6.2 Abuse of Trusts by Wealthy South Africans: can expect substantially more compliance checks and integrated audits – but also more opportunities for upfront engagement and pre-filing agreements. Our research shows that a potentially significant number of wealthy individuals are not registered taxpayers.
6.3 Transfer pricing by large Business: will come under the spotlight with a comprehensive international review of the practice, up-skilling of our staff and greater cooperation with other revenue administrations. Large corporates are generally compliant, although there is room for improvement. Preliminary research have indicated that 26% of CIT returns are outstanding, VAT audits have shown up to 60% reporting inaccuracy, 38% of CIT payments are either late or outstanding, and audits on transfer pricing have yielded around R2.3billion.
6.4 Tax practitioners and trade intermediaries: Regulation of this industry will be pursued to ensure that tax practitioners are all persons of good standing and members of a professional body. SARS will develop a rigorous risk profiling system to identify high risk practitioners.
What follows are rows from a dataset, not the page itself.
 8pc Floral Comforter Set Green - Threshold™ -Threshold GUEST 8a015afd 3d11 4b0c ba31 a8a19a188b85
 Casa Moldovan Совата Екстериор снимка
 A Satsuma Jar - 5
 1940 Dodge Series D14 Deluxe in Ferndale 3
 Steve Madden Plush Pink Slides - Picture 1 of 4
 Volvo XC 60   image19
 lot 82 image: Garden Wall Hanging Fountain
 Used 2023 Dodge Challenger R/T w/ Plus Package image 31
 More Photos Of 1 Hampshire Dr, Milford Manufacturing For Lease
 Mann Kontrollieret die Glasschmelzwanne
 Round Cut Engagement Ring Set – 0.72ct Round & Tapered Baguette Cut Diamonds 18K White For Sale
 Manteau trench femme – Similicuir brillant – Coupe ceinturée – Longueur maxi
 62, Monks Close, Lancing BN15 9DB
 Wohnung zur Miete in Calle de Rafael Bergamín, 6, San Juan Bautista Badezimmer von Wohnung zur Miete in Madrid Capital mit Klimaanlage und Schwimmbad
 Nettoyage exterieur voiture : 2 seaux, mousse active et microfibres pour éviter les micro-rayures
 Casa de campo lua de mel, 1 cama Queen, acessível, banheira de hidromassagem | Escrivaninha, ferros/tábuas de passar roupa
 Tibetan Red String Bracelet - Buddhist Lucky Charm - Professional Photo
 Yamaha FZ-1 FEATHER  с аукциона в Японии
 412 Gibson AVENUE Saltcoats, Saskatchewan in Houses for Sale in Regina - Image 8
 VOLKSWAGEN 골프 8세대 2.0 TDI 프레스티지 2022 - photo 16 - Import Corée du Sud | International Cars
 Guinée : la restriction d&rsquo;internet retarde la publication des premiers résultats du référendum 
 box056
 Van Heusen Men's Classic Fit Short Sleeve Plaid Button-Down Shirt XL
Tax practitioners represent around 3 million taxpayers. The majority of practitioners are compliant, and play a positive role in shaping the compliance climate and culture. But there are also some of these practitioners that havea poor personal compliance history. Practitioners in this group have 18,401 personal tax returns outstanding – many of them long outstanding – and have accumulated debt of R260 million.
Presentation by the Minister on the Compliance Programme 2012/13 – 2016/17.
7. Revenue Outlook
Economic growth for South Africa is forecast to slow from 3.1% in 2011 to 2.7% in 2012, increasing to 4.2% by 2014. The growth is expected to be fuelled by household consumption expenditure, higher investments by business, exports demand by emerging trade partners and higher public-sector infrastructure spending.
Tax revenues have improved since the decline in 2009/10 and are expected to continue to recover in line with growth in economic activity. Revenue is expected to grow mainly from higher PAYE, Provisional CIT and VAT, which have performed particularly strongly in 2011/12. Therefore collections are expected to rise by R83.7bn (11.3%) to R826.4bn.
The 2011/12 preliminary outcome of revenue collection gives us confidence that our outlook for the medium term is realistic and achievable.
I want to assure all South African that every effort will be made by government to monitor the use of your hard-earned tax contributions and to ensure that it is used wisely. We will make every effort to fight corruption and the abuse of public funds.